In the U.S. general population, the estimated background risk of major birth defects and miscarriage in clinically recognized pregnancies is 2% to 4% and 15% to 20%, respectively.
Data
Animal Data
In an embryo-fetal development study, pregnant rats received 20, 40, or 80 mg/kg/day of ensartinib during the period of organogenesis (gestation day 6 to 17). Ensartinib doses ≥40 mg/kg/day (approximately equivalent to the human exposure at the recommended dose of 225 mg/day based on AUC) resulted in an increase in the incidence of fetal malformations (aortic dislocation, ventricular septal defect, separated vertebrae) and dose-dependent delayed skeletal development, including decreased or delayed ossification of the vertebrae.

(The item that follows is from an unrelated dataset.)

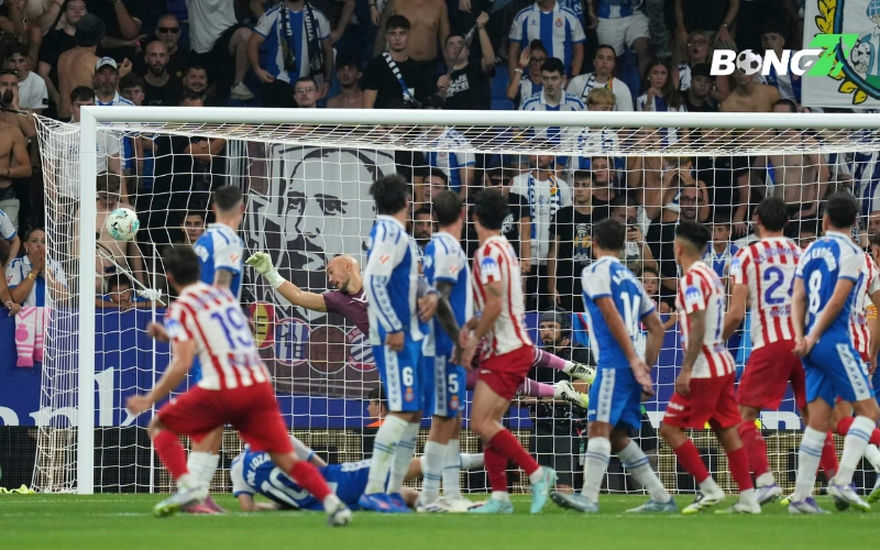 Julian Alvarez mở tỷ số dẫn trước cho đại diện thành Madrid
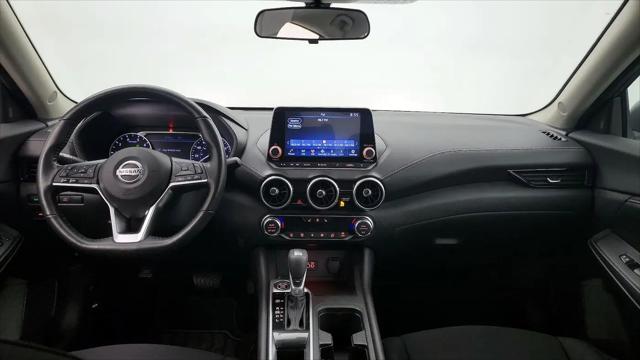 2023 Nissan Sentra SV Xtronic CVT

Ensartinib at 80 mg/kg (approximately 6.4 times the human exposure at the recommended dose of 225 mg/day based on AUC) resulted in maternal toxicity (reduced body weight and food consumption), decreased fetal body weight, increased pre-and post-implantation loss, decreases in the number of live fetuses, and visceral variations (missing renal papillae, pyelectasis).
Lactation
Risk Summary
There are no data on the presence of ensartinib or its metabolites in human milk, the effects on the breastfed child, or the effects on milk production. Because of the potential for serious adverse reactions in breastfed children, advise women not to breastfeed during treatment with ENSACOVE and for 1 week after the last dose.
Females And Males Of Reproductive Potential
ENSACOVE can cause fetal harm when administered to a pregnant woman [see Pregnancy]
Pregnancy Testing
Verify the pregnancy status of females of reproductive potential prior to initiating ENSACOVE.
Contraception
Females
Advise females of reproductive potential to use effective contraception during treatment with ENSACOVE and for at 1 week after the last dose.
Males
Advise male patients with female partners of reproductive potential to use effective contraception during treatment with ENSACOVE and for 1 week after the last.
Pediatric Use
The safety and effectiveness of ENSACOVE in pediatric patients have not been established.
Geriatric Use
Of the 458 patients enrolled in clinical studies and received ENSACOVE 225 mg once daily, 16% of the participants were aged 65 years or older. Clinical studies of ENSACOVE did not include sufficient numbers of patients ages 65 and over to determine whether they respond differently from younger patients. Exploratory analysis suggests a higher incidence of serious adverse events (43% vs 27%), more frequent adverse events leading to treatment discontinuations (18% vs 10%) and dose modifications (34% vs 16%) in patients 65 years or older as compared to those younger than 65 years.
Hepatic Impairment
Ensartinib is primarily metabolized by the liver and patients with hepatic impairment may have increased exposures [see CLINICAL PHARMACOLOGY]. Avoid use of ENSACOVE for patients with severe hepatic impairment (total bilirubin >3 times ULN and any AST) since it has not been studied in this population. Monitor patients with moderate hepatic impairment (total bilirubin >1.5 to ≤ 3 ULN and any AST) for increased adverse reactions and adjust ENSACOVE dosage as clinically indicated [see DOSAGE AND ADMINISTRATION , WARNINGS AND PRECAUTIONS]. No dosage modification is recommended for patients with mild hepatic impairment (total bilirubin ≤ upper limit of normal (ULN) and AST > ULN or total bilirubin 1 to 1.5 x ULN and any AST).